Will Hutton’s piece in The Observer this weekend has some very useful insights. He has looked back at how the private sector ‘created’ 1.2 million jobs in the recovery from the last recession between 1993 and 1999. (Interesting to note that ten years on it is many of these jobs that were created less than a decade ago that are now going….)
This time around the Government needs the private sector to create 2.5 million new jobs if the economy is to recover according to plan. Last time around we ‘created’ 900 000 jobs in business and financial services – and look how that panned out. But this time the forecasters are saying that business and financial services is likely to shed 300 000 jobs. I have written before about how the natural instinct of employers is to destroy (or at least off-shore) jobs not create them.
So where is our equivalent of ‘financial services’ this time around? Where is the sector that can create the jobs that provide the ‘simple key to a set of interlinked problems‘
Well, the obvious place to look has to be in ‘green’ jobs. If climate change is as big a gig as it has been billed then we need to lag, insulate and glaze like never before. We need to install solar panels, wind turbines and hydro-electric units unless we want to slowly poach in the products of our own carbon hedonism. And while some of this will be about large engineering projects much of it will need to be done at the neighbourhood level. It is work that has to be done in our houses and gardens. On our streets. This sounds like it might meet the criteria for ‘good work’ for many.
But how do we make this work ‘pay’ in a recession hit City? Where does the money come from to make it happen?

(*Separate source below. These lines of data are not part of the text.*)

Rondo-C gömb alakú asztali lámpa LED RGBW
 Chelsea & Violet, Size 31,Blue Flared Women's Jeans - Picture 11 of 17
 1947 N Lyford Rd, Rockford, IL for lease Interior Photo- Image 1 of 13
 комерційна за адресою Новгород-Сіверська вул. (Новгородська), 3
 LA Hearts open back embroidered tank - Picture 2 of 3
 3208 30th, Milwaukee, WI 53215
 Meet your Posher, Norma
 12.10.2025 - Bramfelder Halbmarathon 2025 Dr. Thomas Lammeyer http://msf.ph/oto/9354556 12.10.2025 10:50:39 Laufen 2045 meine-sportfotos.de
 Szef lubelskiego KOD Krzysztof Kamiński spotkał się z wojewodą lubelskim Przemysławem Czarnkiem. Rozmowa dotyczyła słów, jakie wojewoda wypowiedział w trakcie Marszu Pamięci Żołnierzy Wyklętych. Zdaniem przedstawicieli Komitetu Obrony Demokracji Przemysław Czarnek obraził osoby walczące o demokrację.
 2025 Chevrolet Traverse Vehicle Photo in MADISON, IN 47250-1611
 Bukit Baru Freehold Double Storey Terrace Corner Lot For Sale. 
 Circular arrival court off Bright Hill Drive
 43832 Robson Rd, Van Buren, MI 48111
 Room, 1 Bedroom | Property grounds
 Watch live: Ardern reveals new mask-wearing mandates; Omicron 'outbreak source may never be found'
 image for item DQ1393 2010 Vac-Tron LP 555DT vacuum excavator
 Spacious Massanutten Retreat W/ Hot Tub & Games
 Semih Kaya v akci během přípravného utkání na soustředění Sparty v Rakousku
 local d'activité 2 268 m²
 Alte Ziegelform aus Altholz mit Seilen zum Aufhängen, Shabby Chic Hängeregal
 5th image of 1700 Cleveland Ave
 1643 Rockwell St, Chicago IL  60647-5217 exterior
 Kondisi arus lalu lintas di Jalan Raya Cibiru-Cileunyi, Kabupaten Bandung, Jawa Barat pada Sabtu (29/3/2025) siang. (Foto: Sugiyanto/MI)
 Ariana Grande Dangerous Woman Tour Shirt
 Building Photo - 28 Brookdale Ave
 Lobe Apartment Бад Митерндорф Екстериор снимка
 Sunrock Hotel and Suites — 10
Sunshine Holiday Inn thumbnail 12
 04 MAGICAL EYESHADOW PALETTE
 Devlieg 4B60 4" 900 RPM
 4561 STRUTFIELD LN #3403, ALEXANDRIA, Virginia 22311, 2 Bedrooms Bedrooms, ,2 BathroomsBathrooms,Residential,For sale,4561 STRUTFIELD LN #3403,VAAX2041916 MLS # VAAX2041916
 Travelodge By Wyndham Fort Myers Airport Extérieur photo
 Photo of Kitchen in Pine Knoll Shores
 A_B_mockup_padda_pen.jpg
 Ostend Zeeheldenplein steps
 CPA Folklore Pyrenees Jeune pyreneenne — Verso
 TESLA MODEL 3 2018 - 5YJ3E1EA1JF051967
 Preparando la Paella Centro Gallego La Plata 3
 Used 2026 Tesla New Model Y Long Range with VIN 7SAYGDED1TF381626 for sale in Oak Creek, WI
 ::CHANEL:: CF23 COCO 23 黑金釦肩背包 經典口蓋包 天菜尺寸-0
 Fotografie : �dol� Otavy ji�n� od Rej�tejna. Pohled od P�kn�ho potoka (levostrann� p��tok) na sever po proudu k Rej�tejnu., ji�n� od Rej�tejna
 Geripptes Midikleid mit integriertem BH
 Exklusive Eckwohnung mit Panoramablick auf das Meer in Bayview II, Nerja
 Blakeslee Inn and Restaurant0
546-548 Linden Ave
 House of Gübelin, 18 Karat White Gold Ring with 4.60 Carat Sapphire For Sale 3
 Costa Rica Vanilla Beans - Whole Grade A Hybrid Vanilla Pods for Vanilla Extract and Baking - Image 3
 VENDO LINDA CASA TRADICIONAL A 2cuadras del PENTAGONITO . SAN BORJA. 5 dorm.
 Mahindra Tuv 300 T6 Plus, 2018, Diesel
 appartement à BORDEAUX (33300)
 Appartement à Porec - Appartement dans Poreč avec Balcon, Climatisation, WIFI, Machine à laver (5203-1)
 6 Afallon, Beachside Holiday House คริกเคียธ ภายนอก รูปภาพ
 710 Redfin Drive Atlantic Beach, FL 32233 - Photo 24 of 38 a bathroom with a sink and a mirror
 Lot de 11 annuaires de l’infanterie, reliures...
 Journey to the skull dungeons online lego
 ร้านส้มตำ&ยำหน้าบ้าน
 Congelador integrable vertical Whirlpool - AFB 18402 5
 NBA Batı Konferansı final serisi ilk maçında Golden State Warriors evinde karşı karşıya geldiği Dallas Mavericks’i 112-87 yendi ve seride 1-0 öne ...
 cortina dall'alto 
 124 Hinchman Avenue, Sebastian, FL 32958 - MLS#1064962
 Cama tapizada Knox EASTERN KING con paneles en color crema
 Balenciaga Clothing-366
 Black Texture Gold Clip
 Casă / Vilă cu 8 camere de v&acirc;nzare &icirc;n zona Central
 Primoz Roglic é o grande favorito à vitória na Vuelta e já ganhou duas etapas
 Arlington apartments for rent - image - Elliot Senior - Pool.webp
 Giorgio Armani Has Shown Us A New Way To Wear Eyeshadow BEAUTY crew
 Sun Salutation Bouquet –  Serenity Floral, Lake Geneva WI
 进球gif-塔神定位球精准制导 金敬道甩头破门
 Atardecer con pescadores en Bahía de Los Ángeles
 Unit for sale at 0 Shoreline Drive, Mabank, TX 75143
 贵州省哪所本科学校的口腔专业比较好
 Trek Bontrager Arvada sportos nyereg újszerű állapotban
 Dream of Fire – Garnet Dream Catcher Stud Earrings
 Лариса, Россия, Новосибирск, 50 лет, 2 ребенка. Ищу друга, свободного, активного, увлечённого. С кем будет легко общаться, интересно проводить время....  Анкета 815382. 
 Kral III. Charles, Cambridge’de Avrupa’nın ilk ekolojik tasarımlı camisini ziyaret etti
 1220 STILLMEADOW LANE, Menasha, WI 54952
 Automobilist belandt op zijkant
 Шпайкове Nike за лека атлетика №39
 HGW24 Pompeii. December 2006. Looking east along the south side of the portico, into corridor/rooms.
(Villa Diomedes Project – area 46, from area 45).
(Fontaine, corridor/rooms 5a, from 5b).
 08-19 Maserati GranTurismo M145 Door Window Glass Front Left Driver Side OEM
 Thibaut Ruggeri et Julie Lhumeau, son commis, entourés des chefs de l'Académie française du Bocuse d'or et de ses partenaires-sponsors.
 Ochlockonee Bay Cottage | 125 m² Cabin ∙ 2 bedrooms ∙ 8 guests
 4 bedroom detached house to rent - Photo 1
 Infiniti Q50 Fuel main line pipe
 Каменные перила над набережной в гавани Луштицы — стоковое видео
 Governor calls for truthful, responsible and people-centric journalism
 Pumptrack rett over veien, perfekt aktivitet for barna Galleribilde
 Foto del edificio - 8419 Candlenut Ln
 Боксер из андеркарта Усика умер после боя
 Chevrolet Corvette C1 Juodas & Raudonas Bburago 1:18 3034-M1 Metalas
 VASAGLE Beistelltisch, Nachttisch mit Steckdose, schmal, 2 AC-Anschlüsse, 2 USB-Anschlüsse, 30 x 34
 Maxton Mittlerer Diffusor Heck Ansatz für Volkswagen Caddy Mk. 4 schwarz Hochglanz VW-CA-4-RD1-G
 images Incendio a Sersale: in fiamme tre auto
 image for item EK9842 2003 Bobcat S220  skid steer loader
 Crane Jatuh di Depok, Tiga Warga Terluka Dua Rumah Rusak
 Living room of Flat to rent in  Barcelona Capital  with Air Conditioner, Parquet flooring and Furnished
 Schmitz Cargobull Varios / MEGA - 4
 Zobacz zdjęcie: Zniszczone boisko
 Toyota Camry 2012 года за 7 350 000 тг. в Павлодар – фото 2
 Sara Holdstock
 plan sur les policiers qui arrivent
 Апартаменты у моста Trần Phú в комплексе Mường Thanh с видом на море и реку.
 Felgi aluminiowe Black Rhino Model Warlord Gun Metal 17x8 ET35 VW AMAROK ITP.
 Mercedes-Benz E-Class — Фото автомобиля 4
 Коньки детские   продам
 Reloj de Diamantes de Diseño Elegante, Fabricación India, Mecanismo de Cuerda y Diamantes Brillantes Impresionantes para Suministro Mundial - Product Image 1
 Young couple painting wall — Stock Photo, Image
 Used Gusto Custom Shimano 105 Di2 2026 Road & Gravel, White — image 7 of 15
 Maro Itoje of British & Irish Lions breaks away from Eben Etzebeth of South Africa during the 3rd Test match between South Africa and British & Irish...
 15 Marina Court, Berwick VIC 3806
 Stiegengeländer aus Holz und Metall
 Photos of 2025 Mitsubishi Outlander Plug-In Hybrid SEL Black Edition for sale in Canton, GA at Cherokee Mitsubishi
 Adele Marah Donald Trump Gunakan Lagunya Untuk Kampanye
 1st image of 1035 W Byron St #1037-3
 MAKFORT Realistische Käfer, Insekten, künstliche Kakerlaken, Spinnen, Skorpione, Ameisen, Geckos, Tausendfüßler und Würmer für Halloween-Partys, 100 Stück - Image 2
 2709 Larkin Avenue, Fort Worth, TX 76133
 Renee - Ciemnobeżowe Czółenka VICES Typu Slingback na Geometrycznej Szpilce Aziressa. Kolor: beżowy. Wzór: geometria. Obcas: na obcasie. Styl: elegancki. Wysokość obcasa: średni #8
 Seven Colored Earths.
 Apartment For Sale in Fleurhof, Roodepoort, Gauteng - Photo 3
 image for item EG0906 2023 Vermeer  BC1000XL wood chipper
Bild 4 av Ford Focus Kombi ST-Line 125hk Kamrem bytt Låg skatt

The current plan is to make the recovery work by pushing hard for further ‘economic growth’, driven by large investments in export. I guess the short hand is that instead of borrowing money from the Far and Middle East our businesses learn to sell more to them, profitably. I am not yet quite sure what we have that those with the money need to buy – but there must be something. Biotechnology no doubt. Arms perhaps – that has always been a historical stalwart. Premier League football teams.
So our strategy is to compete, profitably, in global export markets. And we will finance this additional export by persuading the banks to ‘lend more’ (where have I heard that before). It is a familiar story and one that, even if it works in the medium term, is surely both unsustainable in the long and changes nothing. It leaves us still reliant on sustaining rapid economic growth and creating profits for the wealthy and jobs for the rest of us. But, if it works in the short term we can increase the tax take and use it to fund a whole load of green jobs.
We can put off transformation for another day.